Despite Chinese authorities’ deep experience in restricting electronic content, The Economist reports that they continue to struggle in their long-running battle against SMS spam, which currently accounts for around 30% of all messages received. One major obstacle is mobile carriers’ reluctance to close loopholes from which they are believed to earn hundreds of millions of dollars a year.

Chinese mobile-users get more text messages than their counterparts almost anywhere else in the world. They received more than 300 billion of them in 2013, or close to one a day for each person using a mobile phone. Users in bigger markets like Beijing and Shanghai receive two a day, or more than 700 annually, accounting for perhaps one-fifth to one-third of all texts. Americans, by comparison, received an estimated 4.5 billion junk messages in 2011, or fewer than 20 per mobile-user for the year—out of a total of more than two trillion text messages sent.

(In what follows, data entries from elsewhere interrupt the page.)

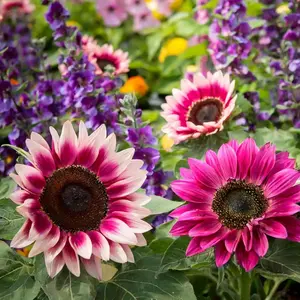 100Pcs Rare Strawberry Pink Sunflower Seeds – Premium Non-GMO Heirloom Flower Variety, Unique Eye-Catching Pink Blooms, Easy to Grow Ornamental Plant for Backyard Garden, Patio, Balcony and Home Landscape Decoration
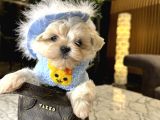Korea Maltese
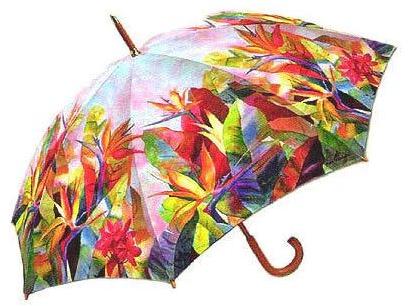 Printed Umbrella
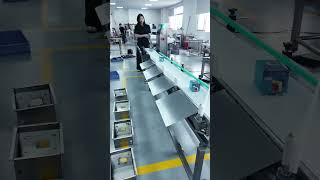 Weight sorter – automatic weighing and intelligent sorting. #machine #factoryproducts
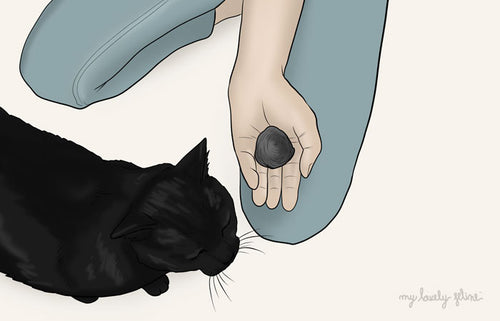 Cat Hairballs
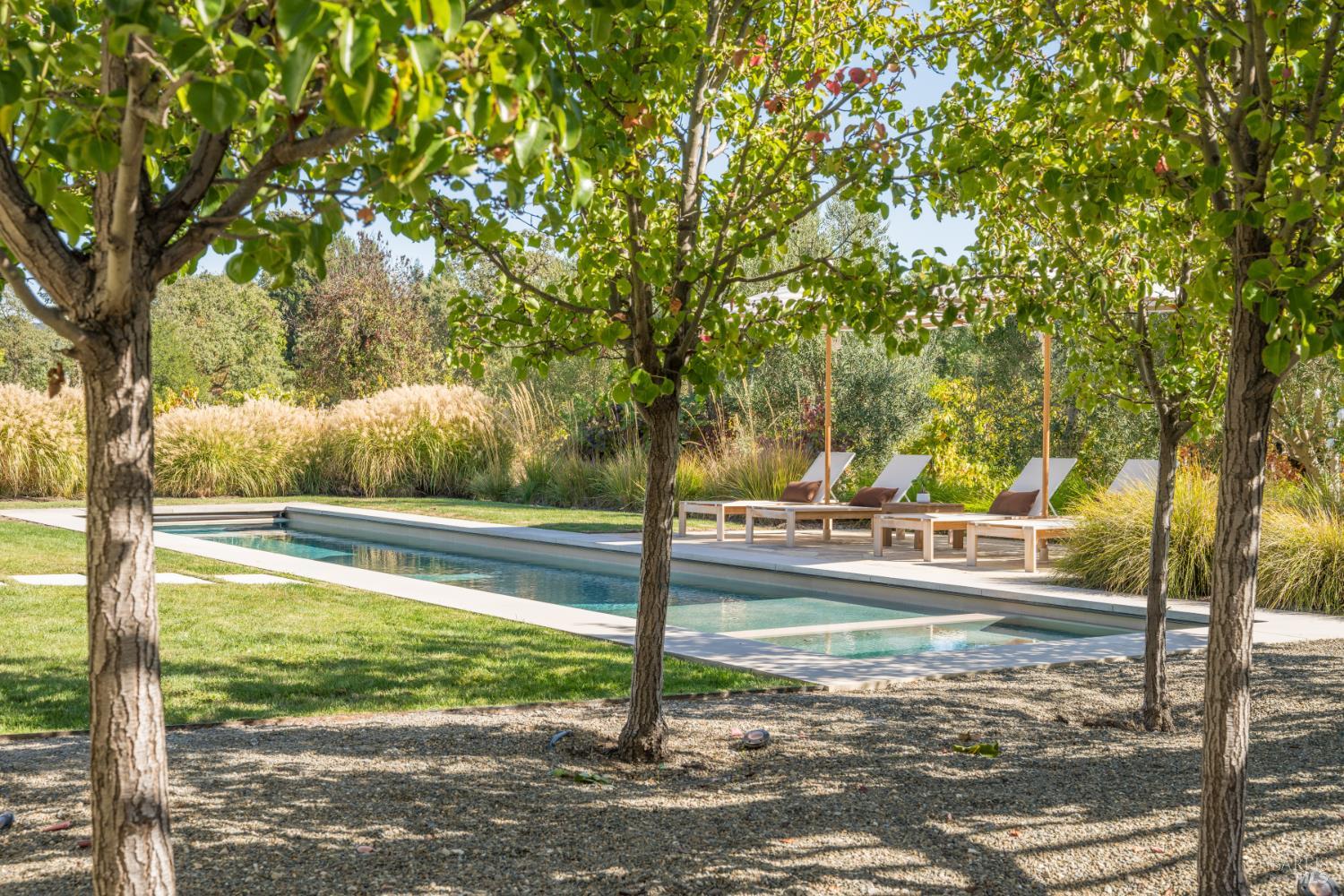 Swimming pool framed by mature trees, with cushioned loungers on the landscaped deck.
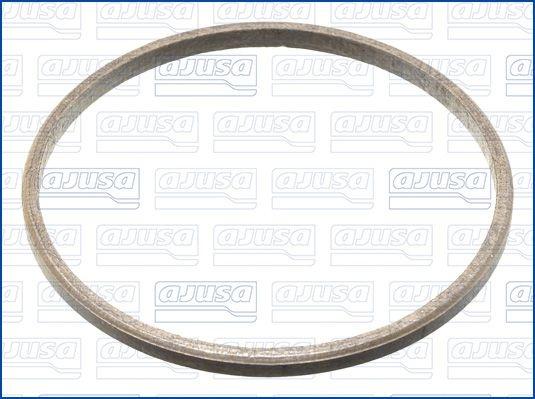 Sealing ring, Exhaust Pipe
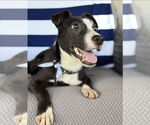 Small #1 Border Collie Mix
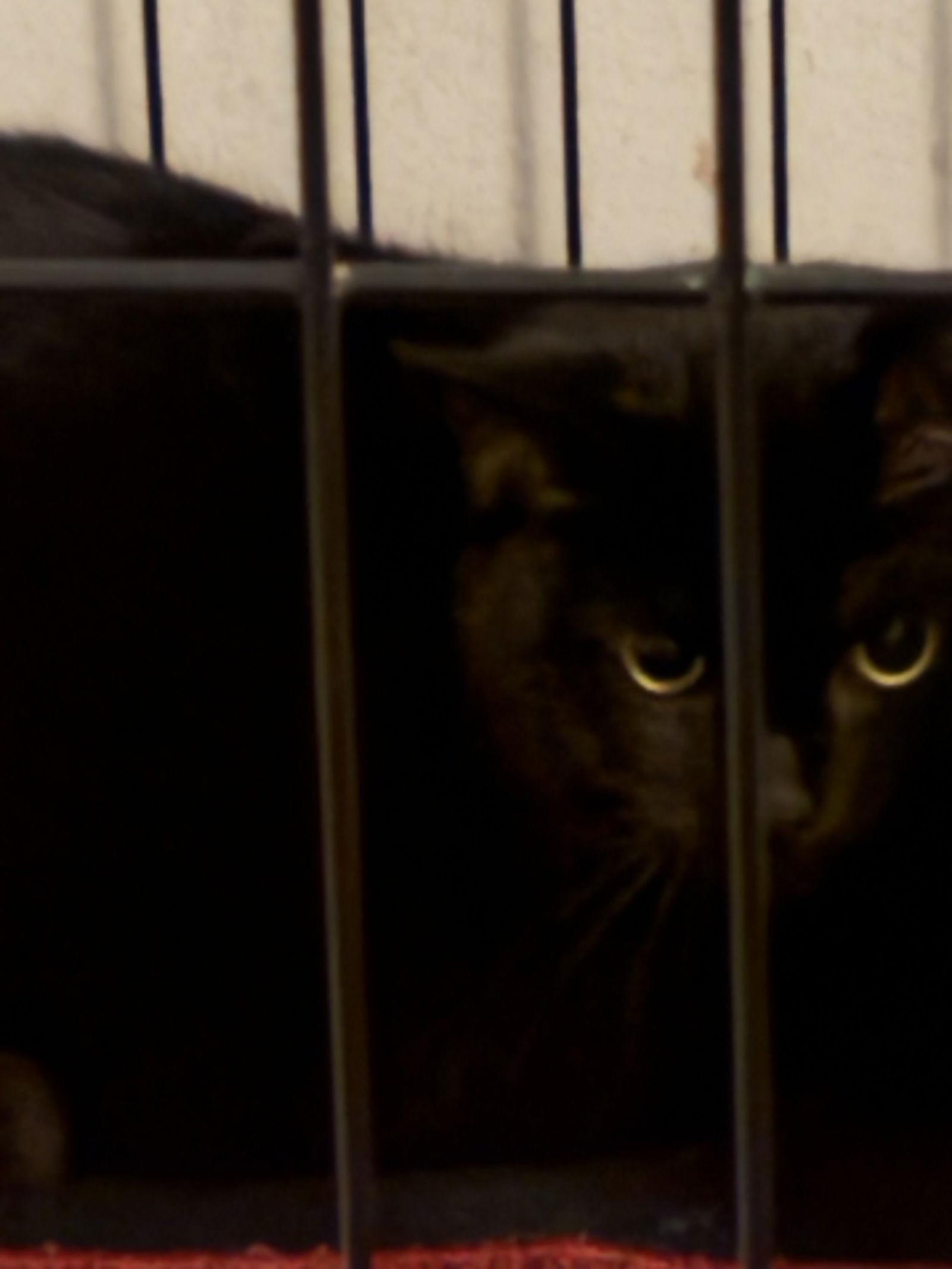 Enlarge BOO BOO, a Adoptable Domestic Short Hair in Northfield, OH image 1/2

China’s spam problem has persisted for years, despite repeated declarations by the authorities that they will crack down. Why have their efforts failed? The elusive spam vans are part of the problem: they are difficult to track and profitable to operate. One car can send 200,000 messages a day for a daily fee of about 10,000 yuan ($1,600). This is about the cost of the device used to intercept numbers, which can be assembled at home. The equipment falsifies the numbers from which the messages appear to arrive. Chinese users can report spam texts, just as they can in many other countries. But spammers who are occasionally caught still reckon their trouble was worth it. Fines are paltry. The authorities recently proposed raising them to 30,000 yuan—peanuts to a spam-car crew. [Source]

Harsher penalties have sometimes been applied: in March, authorities announced the detention of 1,530 suspected mobile spammers. Searches for “fake base station” (in Chinese) were a blocked on Sina Weibo in June, when three of those detained stood trial.